Function Application

Built-in functions, arithmetic, comparisons, list operations are mapped directly to opcodes in a table keyed by SymbolId. When the callee resolves to one of them the generator emits the arguments then the opcode, with no CALL:

// generator.cpp
void Generator::emit_apply(const core::Apply &application) {
  if (auto *var = std::get_if<core::Var>(&application.callee->node)) {
    auto it = this->builtins.find(var->id);
    if (it != this->builtins.end()) {
      for (auto &&arg : application.args)
        emit_expr(*arg);
      add_instruction(it->second, std::nullopt);
      return;
    }
    emit_var(*var); // push closure handle
  } else {
    emit_expr(*application.callee);
  }
  for (auto &&arg : application.args)
    emit_expr(*arg);
  add_instruction(ISA::Operation::CALL, application.args.size());
}

For a user-defined function the closure handle is pushed first, then each argument, then CALL with the argument count as its operand.

Conclusion

At this point, we’re done. You might have noticed how, at least compared to part 2, parts 1, 1.5, and 3 are all pretty short. This structure, although ad hoc, does reflect the actual complexity in every part of the project. The compilation process itself is primarily a series of transformations on vaguely linguistic-ly shaped things. The actual target, the virtual machine we described and implemented at part 2, required a lot more tweaking. Each constituent part of the virtual machine is mostly straight forward to implement, its the selection of which parts, and clicking them together, which poses most of the complexity.There’s similar amount of ways to skin either cats, the compilation cat and virtual machine cat, but we only need to taxidermy the virtual machine cat.

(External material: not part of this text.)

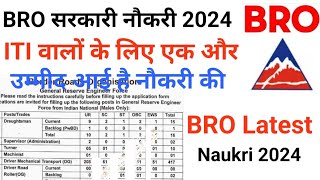 BRO ITI Latest Recruitment 2024 [upl. by Emerson]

As a result of pretty arduosly debugging each part of the project, the output of the current program is already usable as visualization, but I think it might be neat to clean the plaintext output a little bit and present the project as a compiler-explorer like front end. Allowing users to input their own programs would probably require slightly nicer error reporting; which requires us to pass the position of each token along each step of the process, but also gives us nicer visualizations as a gimmie.

In any case, build a compiler, you’ll probably learn a thing or two.